Every newly regulated gambling market has the same first year. The established operators form a committee. The committee books a meeting. The meeting gets rescheduled, because three of the seven stakeholders are at a conference, which is fine, completely fine, this is all fine. Meanwhile, a brand nobody has ever heard of has licensed up, signed local affiliates, and is already emailing players, while a competitor is still waiting on legal to review the market-entry brief.
This is the part where we talk about Brazil because we have to
Brazil regulated its online betting market in early 2025 and the first year reshaped the igaming landscape across Latin America. Before regulation, users were transferring around R$33 billion ($6.6 billion) to international betting sites annually. Once the legal market launched, the industry generated roughly R$37 billion ($7.4 billion) in gross gaming revenue in year one alone.
KTO was among the first 14 companies to receive a full five-year license when the market opened. CEO Andreas Bardun described how they got there. “From the start, our goal was clear: to be among the first licensed operators in Brazil. While others claimed the title simply by applying, we understood the journey was far from over until full approval was secured.”

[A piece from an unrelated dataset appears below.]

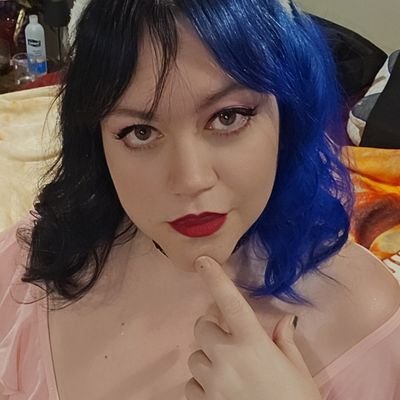 ✨️The Divine Enchantress✨️ HIATUS's profile picture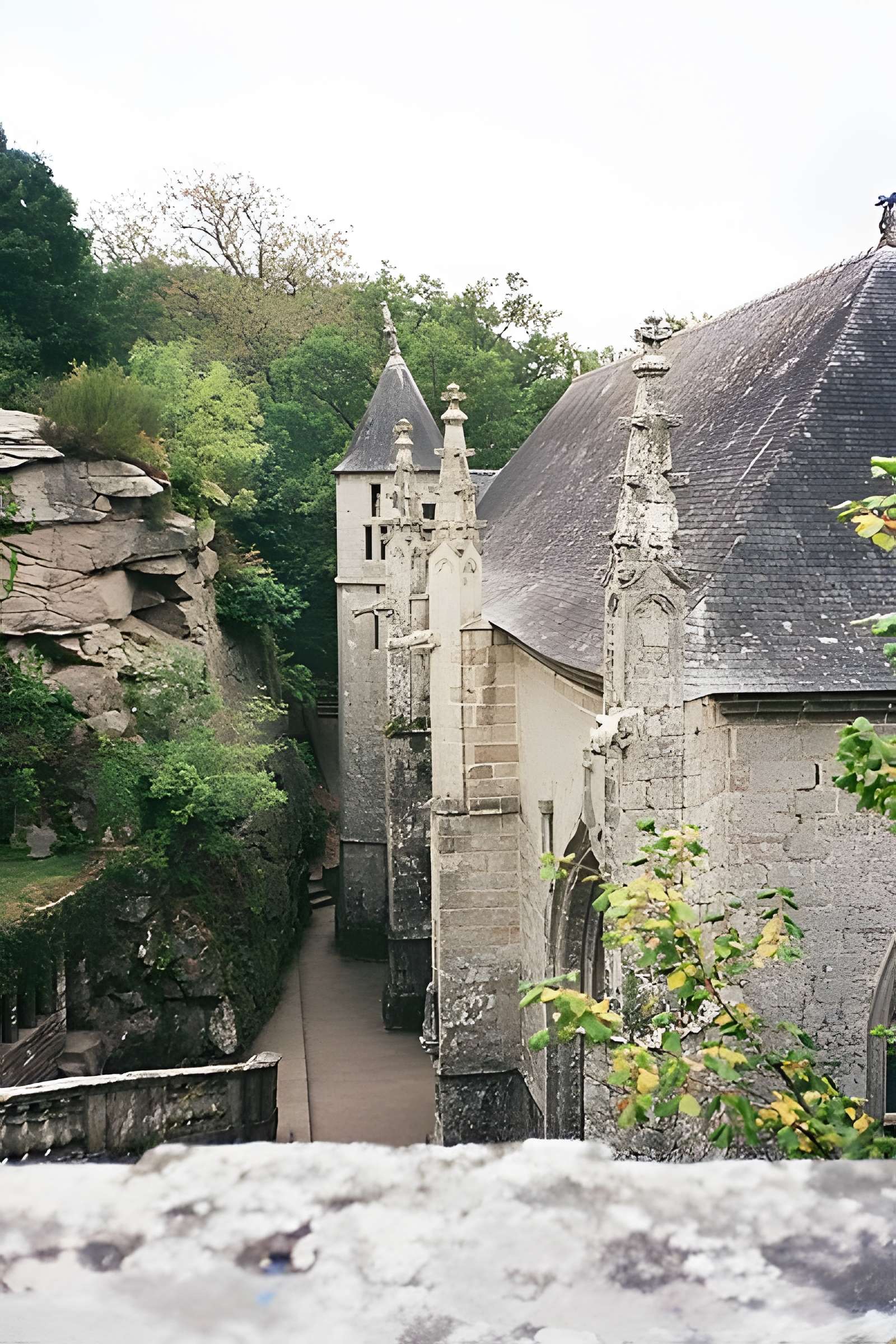 Chapelle Sainte-Barbe et maison du garde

Most marketing teams are brought into the new-market conversation after the licensing decision has already been made. By that point, a competitor that started earlier has already been talking to local affiliates, building brand recognition with local sports fans, and figuring out what actually matters to players in that country. The gap between those two starting points does not close easily.

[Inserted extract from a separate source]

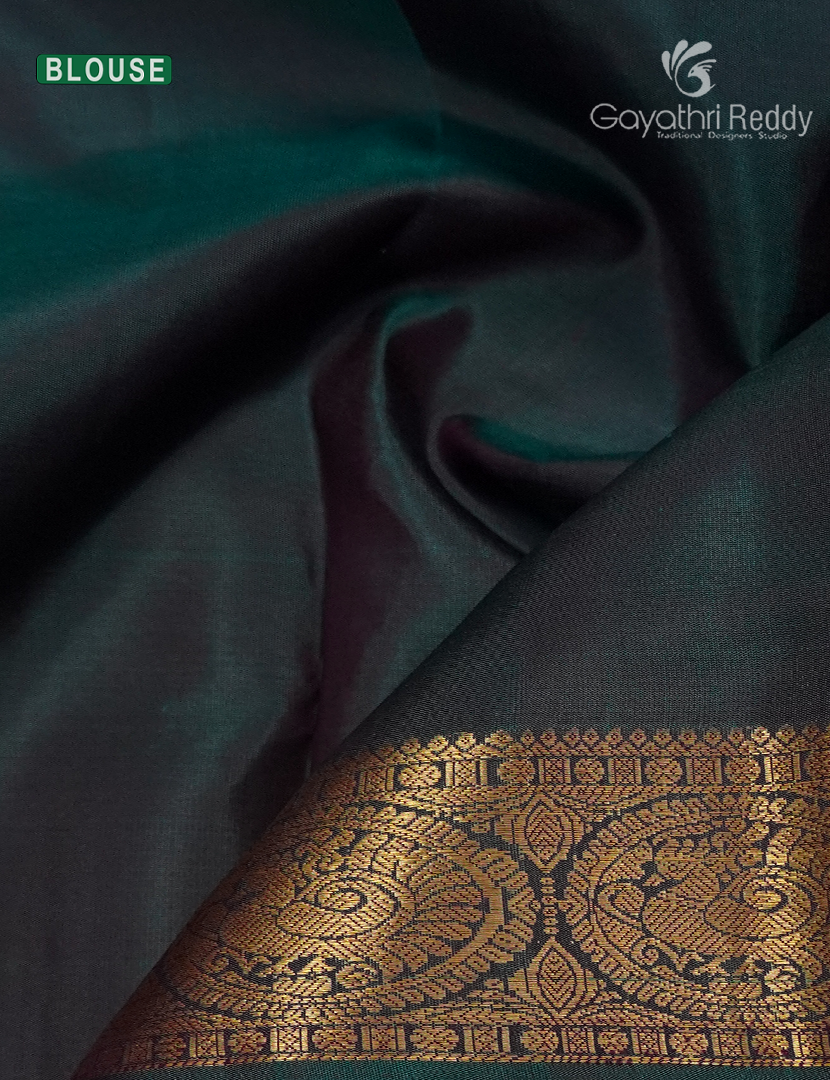 Pure Kanchipuram Silk Saree in Burgundy and Deep Peacock Green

The Betano case is the one worth studying
Betano was the first operator to apply for a Brazilian license, back in May 2024, and arrived at regulation day with brand-recognition advantages its competitors spent months trying to close. Deputy CEO Aris Dimarakis described the approach. “Betano’s success in Brazil comes from a deeply localized strategy that reflects Brazilian culture, sports passion and community values.”
Betano sponsored the Copa América over the summer of 2024, the top-flight Brazilian league, and a number of individual clubs, building recognition with football fans before a single regulated bet was legally placed. By September 2024, the company held a 23% share of Brazil’s betting market, according to research from H2 Gambling Capital.

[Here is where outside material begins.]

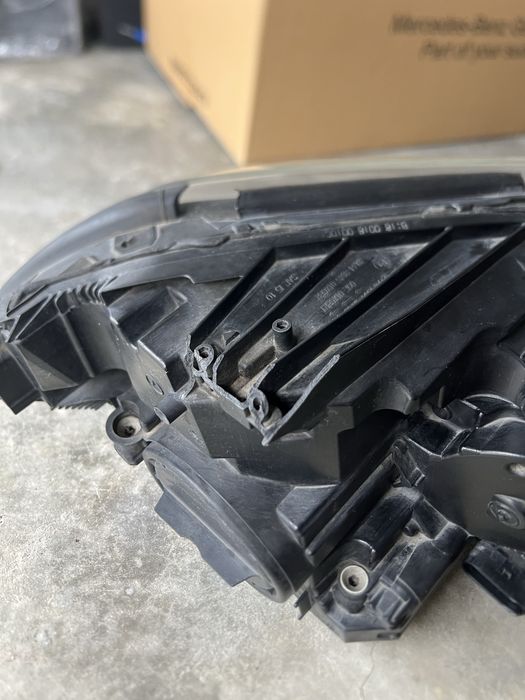 Ótica esquerda Mercedes Classe B W246 Bi-Xenon — A 246.820.71.61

We keep treating localization like it’s the part where you add the accent — like you can build the whole thing in English, then just tilt it slightly and call it Brazilian. Whatever cringe meme is your favorite, just imagine adding it right here.
H2 Gambling Capital’s managing director noted that Betano could cover the annual cost of its Flamengo sponsorship with just 13 days of operational revenue. For context, Betano’s predecessor in that deal needed 72 days. The difference between those two numbers is what a well-executed early-market strategy looks like when it matures.
Betano eventually became so embedded in Brazilian football culture that it launched a campaign poking fun at its own omnipresence, developed by Wieden+Kennedy’s São Paulo office, with the message “Everyone Already Knows.” The campaign leaned into public reactions rather than ignoring them, turning brand saturation into brand wit. A betting brand making fun of how unavoidable it has become is either the most confident marketing decision of the year or evidence that someone in São Paulo is having a genuinely wonderful time at work. Probably both and good for them.
What this looks like beyond Brazil
Latin America’s online betting market is projected to surpass $10 billion in gross gaming revenue within the next few years, driven by Brazil, Mexico, Colombia, and Peru. Peru, Colombia, Chile, and Argentina are moving through their own regulatory processes on their own timelines, each with a sports culture and payment landscape that is completely specific to that country.
Bringing in one local consultant to review copy written by a team who has never been to the market is not a localization strategy. It is the marketing version of asking someone to translate your diary into a language they learned on Duolingo. And everyone can tell.
Analysts have flagged a consistent disconnect between international leadership and local-market understanding when operators attempt to move existing teams into Brazil, rather than hire people who know the market from the inside. Colombia learned this. Argentina is learning it. The markets opening after them will learn it too, and the tuition keeps getting more expensive as competition increases.
The marketing work that matters in a newly regulated market happens before most people think the campaign has started. Affiliate relationships built under pressure cost more and deliver less than the ones built when nobody was in a hurry yet. Sponsorships signed before a market formally opens are a fraction of the price of the same deal 12 months later. Local hires given real authority over campaign decisions make fundamentally different work than local hires asked to translate someone else’s vision.